I understand the argument of “erlang has it’s roots in telephony, of course erlang/elixir is a great fit for this”
I understand that voice chat is “basically just a router for udp packets, and elixir has great libraries for those”
For whatever reason, looking at old threads, I am not finding a good simple example:
Question: Is there any example of using erlang/elixir to build a simple voice chat server (I don’t care if the client is desktop software or browser/rtc), I’m just looking for something where erlang/elixir itself does the ‘heavy lifting’ (rather than offloading the work to some other server).
My understanding of such project is: elixir/erlang is a great fit of “orchestration”… connecting people, setting the pipeline of encoding/decoding/streaming via web/etc.
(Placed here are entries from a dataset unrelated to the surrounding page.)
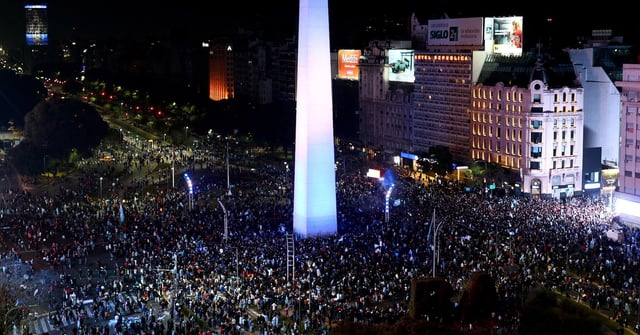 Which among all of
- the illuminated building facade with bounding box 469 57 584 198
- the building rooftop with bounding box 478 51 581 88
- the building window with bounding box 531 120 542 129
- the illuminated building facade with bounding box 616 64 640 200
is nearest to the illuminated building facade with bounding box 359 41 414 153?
the building rooftop with bounding box 478 51 581 88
But underneath those encoder/decoder are still delegated to some low level libs.
Though, please note, that I’m not an expert in the the subject and all my experience for realtime audio/video chat is limited by one project where it’s done via WebRTC and Elixir/Phoenix server was just authorizing and connection people.
Do you have any intuition on why this is? Given that audio is relatively “low bandwidth”, surely the problem is not copying bytes around efficiently. Is there some expensive step with encoding/mixing/decoding that Erlang/Elixir is not well suited for?
My vague memories from “signal processing” class remind me that those algorithms usually require lots of numerical calculations. Simply saying - if digital audio is represented as a list of numbers - any conversion of it would require some kind of number crunching which is not the strongest side of the BEAM.
(I wonder if Elixir Nx might change that in the future, though right now it’s more focusing on ML problems… also there is a library pelemay that could probably help (?))
Not sure there’s any perfectly justified reason but at least my thinking would be that the BEAM has GC pauses (albeit very short and are per-process which should limit their impact) that can affect latency – which would be a deal-breaker in audio streaming. And as @RudManusachi said, number crunching isn’t the BEAM’s strongest suit so future scaling might suffer.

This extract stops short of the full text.